I have the honour of speaking at the Servant Leadership conference in London next week. For me, Heart in Business and Servant Leadership come from the same source. The Servant Leadership principle is simple – that as leaders, we need to serve – serve the people who work for us, serve our communities, serve the planet and serve our shareholders.
This notion (as with that of Heart in Business Limited) is the opposite of being short-term, profit focused, which to me seems to serve only the leader and in theory the shareholder. I say in theory, as in practice, I know that excessive focus on shareholder value tends to lead to short-termism and the destruction of long-term value.
In preparing for my Servant Leadership talk, I have been pondering on what has gone wrong with the current business model. Talking to CEO’s and commentators, I see that the old business model is based upon control; by controlling as much as possible, a business can try and manage the outcome, which is inevitably profit driven. Three factors are putting huge strain on this model – the pace of change, social media and growing consciousness (for an excellent report on the first two, read “Thinking the Unthinkable A New Imperative for Leadership in the Digital Age” commissioned by the Churchill Institute). Regarding growing consciousness, the Millennial generation are so much more conscious than previous generations (both in where they choose to work and how they choose to spend their cash) and this is having an effect on the rest of us. There is a global general rise in consciousness, meaning that so many of the things that companies could get away with in the past are becoming less and less acceptable.

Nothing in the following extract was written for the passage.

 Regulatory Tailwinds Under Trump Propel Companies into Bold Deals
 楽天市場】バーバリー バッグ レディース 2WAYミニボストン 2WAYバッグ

So, faced with these three factors, companies need to either transform from the ‘control model’ to the ‘empowerment model’ or they will end up end breaking (I define this as a massive loss of shareholder value)– like BP, Tesco and maybe even VW. The ‘empowerment model’ creates a clear and meaningful purpose (beyond making the best widget in the world so we can make piles of cash), empowers its people to deliver this and finally creates a culture that encourages truth.
If I look at Thornton’s Budgens, that’s exactly what we are doing, our purpose being “Your community supermarket that really cares”. While we have had this purpose for a number of years, we didn’t have the other parts of the empowerment model in place, so our team were still trying to control everything. This put an increasing strain on those controlling (the managers) and made life less and less fulfilling for those being controlled.
So as part of getting everyone in flow and doing what they love, we have appointed internal coaches, who are helping everyone get in their flow and empowering them in that role. So far, so good and since we started this earlier in the year, I have noticed a raising of the general energy levels. And… Sales have risen by 8 percentage points!
Looking to truth; over the last two years, we have been running sharing circles, using talking sticks and have formed a company council, all of which have helped people to see that it is safe to be more truthful. While we haven’t got to our ‘truth destination’ yet, we are well on the way and I know this place is a much more fulfilling place for everyone to be.